Enthusiasm. Excitement. Call it whatever you wish, high-end audio business owners seem to have it in spades. Unfortunately, the one inescapable reality check faced by every entrepreneur trying to turn passion into a lifestyle is the cold reality of having to make a financial go of it. It’s called running a business. How many audiophile-turned-business owners know how to be successful? Not many, myself included. Which is why, in 1990, I sold PS Audio and started making loudspeakers with Infinity founder, Arnie Nudell. It’s a story I rarely share, but since I was asked I filmed a video of it which you can watch here.

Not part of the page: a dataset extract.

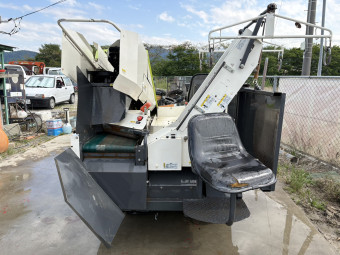 人参収穫機  carrovester CH-152F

After a seven-year hiatus, I restarted PS Audio with fresh ideas and a lot more experience. One of the best parts of getting older is the wisdom gained through life’s challenges—leading me to shed the notion I have a clue about business, hire people that do, and granted me permission to be ok with focusing my efforts on what I truly love: dreaming up cutting-edge audio products, sharing knowledge, and working directly with our staff, engineers, and customers.

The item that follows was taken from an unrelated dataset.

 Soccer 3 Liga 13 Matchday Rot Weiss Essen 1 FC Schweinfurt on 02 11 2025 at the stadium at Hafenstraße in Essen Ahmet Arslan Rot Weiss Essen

There’s something else. Immersing myself with the up and coming generations of music lovers and audiophiles (many are on our staff). I know some of you think high-end audio is dying out, but in my experience, nothing could be further from the truth. It’s changing—yes—but dying? Hardly. Watch a young person’s eyes light up at the big system, smile at Sprout’s touch, lust holding vinyl, giddy with anticipation of the next musical release of a favorite group.
Different? Hell yes. But, that’s great.
The world’s better off with a change of pace.